- **What you need to do**:
Starting at the top of the records below and ending with the line that contains "Welcome, or welcome", print each line exactly as written, skipping the pictures.

== Data supplied ==

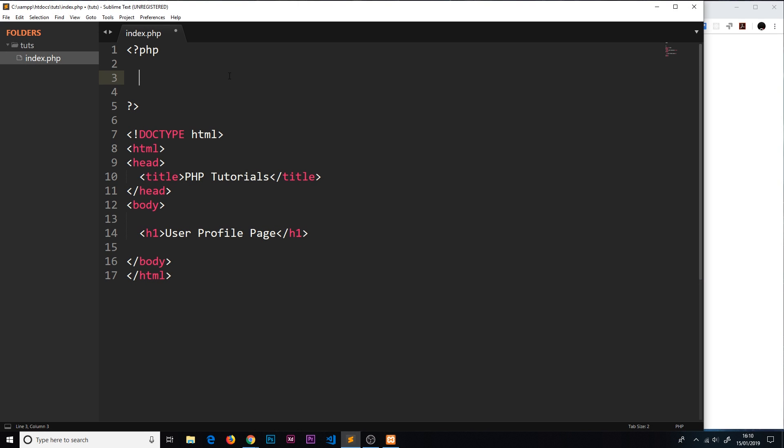The first thing I'd like to talk about in PHP is the idea of variables. Variables are used to store bits of information or values or data which we can then recall and use later on in the program. For example, I could have a variable to store a user's email address and then I could call upon that variable later on if I want to output it to the screen.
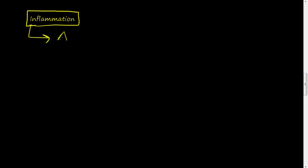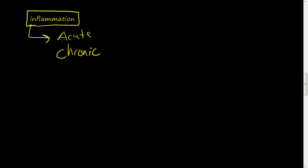So that leads us into acute inflammation and chronic inflammation. There's two types of inflammation, or two categories if you will, and these can overlap, but in general, there's acute inflammation and chronic inflammation. So what is, in general, inflammation?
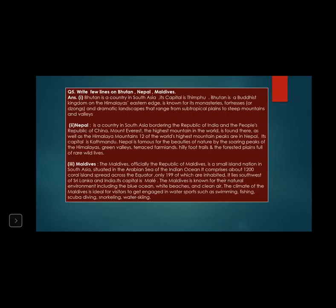The Maldives is known for its natural environment including the blue ocean, white beaches, and clean air. The climate of the Maldives is ideal for visitors to engage in water sports such as swimming, fishing, scuba diving, snorkeling, and water skiing. This is the answer of question number five — a long question. In the exam, they may ask you to write a few lines on Bhutan and Maldives, Nepal and Bhutan, or any combination.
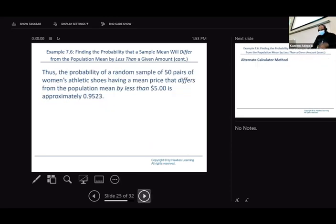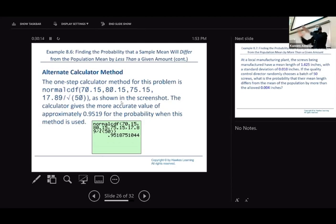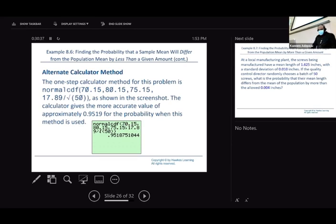For the calculator, specify the lower bound of 70.15, upper bound of 80.15, the population mean, and the standard error — the calculator automatically computes the result. In the exam, you may use a scientific calculator, R software, statistical tables, or manual computation — whatever you are comfortable with, as long as you arrive at the correct result.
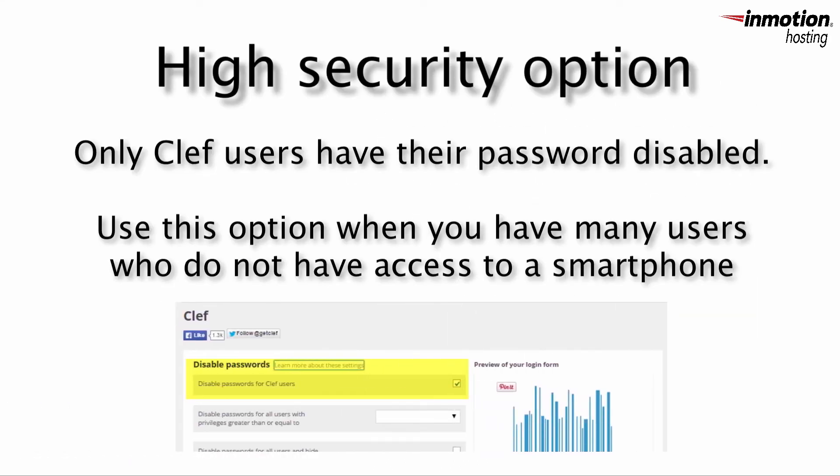The high security option, which is the third configuration type, allows you to set the application to disable the passwords only for Clef users. This option is also good when you need to allow users to use the WordPress mobile app. You can again choose to select to allow API to use the passwords. This option should be used when you have a high number of low-level users who don't have access to a smartphone.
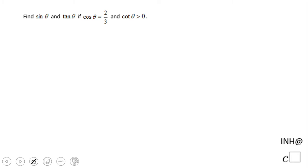Welcome, or welcome back, to C-squared. In this example we're going to find sine and tangent of an angle that has a cosine of two-thirds and a cotangent that is positive.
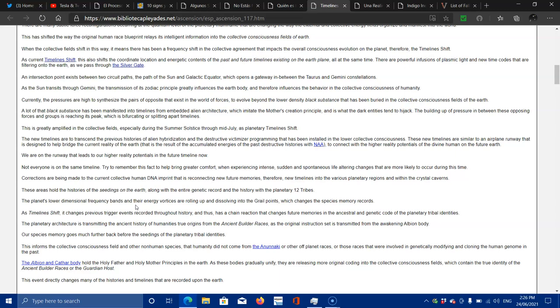As the Sun transits through Gemini, the transmission of the zodiac principle greatly influences the Earth's body and therefore influences the behavior of the collective consciousness of humanity. Currently, the pressures are high to synthesize the pairs of opposites that exist in the world of forces, to evolve beyond the lower density black substance that has been buried in the collective consciousness fields of the Earth. A lot of black substance has been manifested into timelines from embodied alien architecture, which makes Mother's creation in principle, and that end is what the dark entities tend to hijack. The building up of pressure in between these opposing forces and groups is reaching its peak, which is bifurcating or splitting apart timelines.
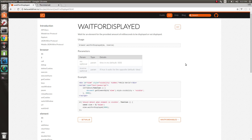Howdy folks. Let's go over some waiting commands that WebDriver.io provides. Sometimes when testing a page, you need to wait for something to happen on the page before you proceed to do something.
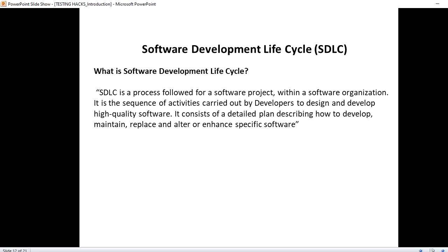Hi folks, welcome to Testing Hacks. Today we will see what is SDLC. SDLC stands for Software Development Life Cycle. As the abbreviation suggests, this is the life cycle of a software wherein the software will get into different phases till the completion of the project.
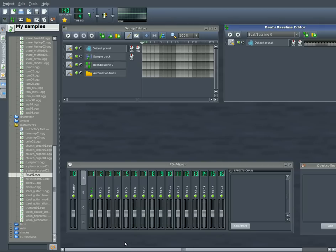Another tutorial on Linux Multimedia Studio, LMMS, using version 0.4.2.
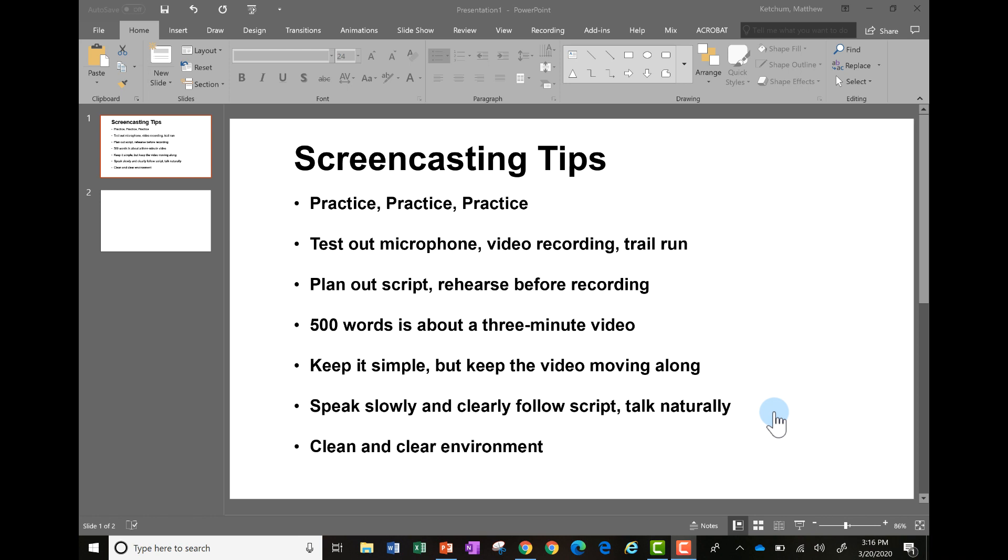It's okay to plan out a script. You can do an outline, you can plan out a script of what you're going to say, you can even rehearse it. Shorter videos are a little bit better when you're doing a screencasting. Five minutes is a good length to keep it within. Just to give you a ballpark, if you're scripting out, about 500 words is about three minutes.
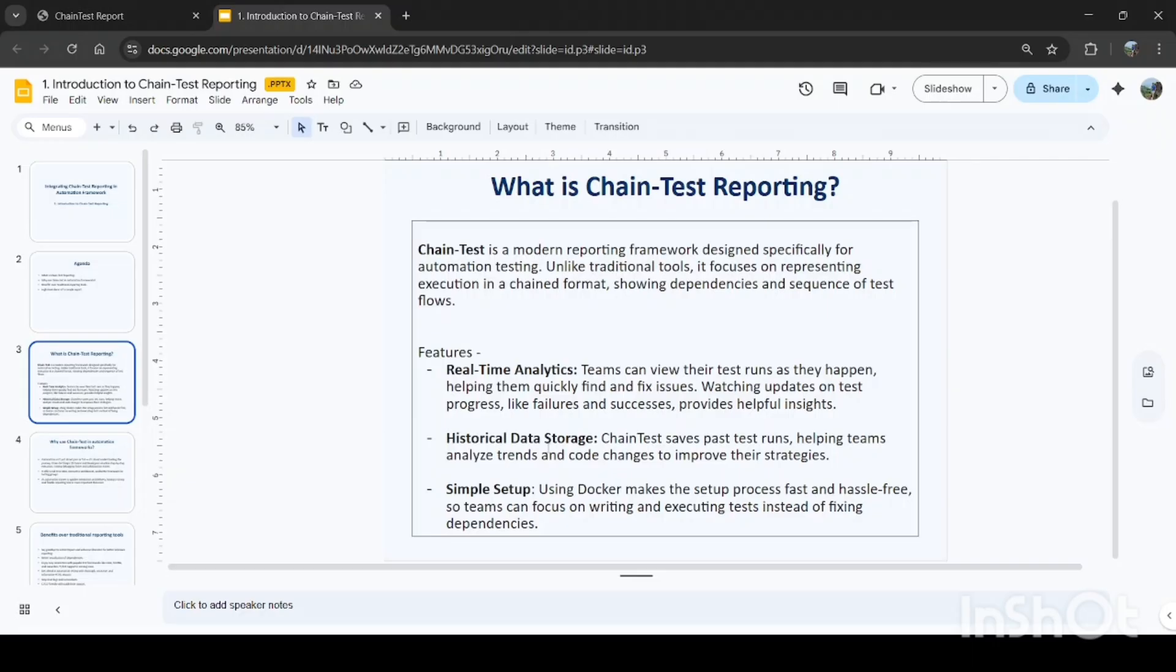And chain test is also a simple setup. You don't need so many things; you just need a few configurations, and you are set to create a chain test report.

===

- **Solution for this exercise**:
The first thing I'd like to talk about in PHP is the idea of variables. Variables are used to store bits of information or values or data which we can then recall and use later on in the program. For example, I could have a variable to store a user's email address and then I could call upon that variable later on if I want to output it to the screen.
So that leads us into acute inflammation and chronic inflammation. There's two types of inflammation, or two categories if you will, and these can overlap, but in general, there's acute inflammation and chronic inflammation. So what is, in general, inflammation?
The Maldives is known for its natural environment including the blue ocean, white beaches, and clean air. The climate of the Maldives is ideal for visitors to engage in water sports such as swimming, fishing, scuba diving, snorkeling, and water skiing. This is the answer of question number five — a long question. In the exam, they may ask you to write a few lines on Bhutan and Maldives, Nepal and Bhutan, or any combination.
For the calculator, specify the lower bound of 70.15, upper bound of 80.15, the population mean, and the standard error — the calculator automatically computes the result. In the exam, you may use a scientific calculator, R software, statistical tables, or manual computation — whatever you are comfortable with, as long as you arrive at the correct result.
The high security option, which is the third configuration type, allows you to set the application to disable the passwords only for Clef users. This option is also good when you need to allow users to use the WordPress mobile app. You can again choose to select to allow API to use the passwords. This option should be used when you have a high number of low-level users who don't have access to a smartphone.
Welcome, or welcome back, to C-squared. In this example we're going to find sine and tangent of an angle that has a cosine of two-thirds and a cotangent that is positive.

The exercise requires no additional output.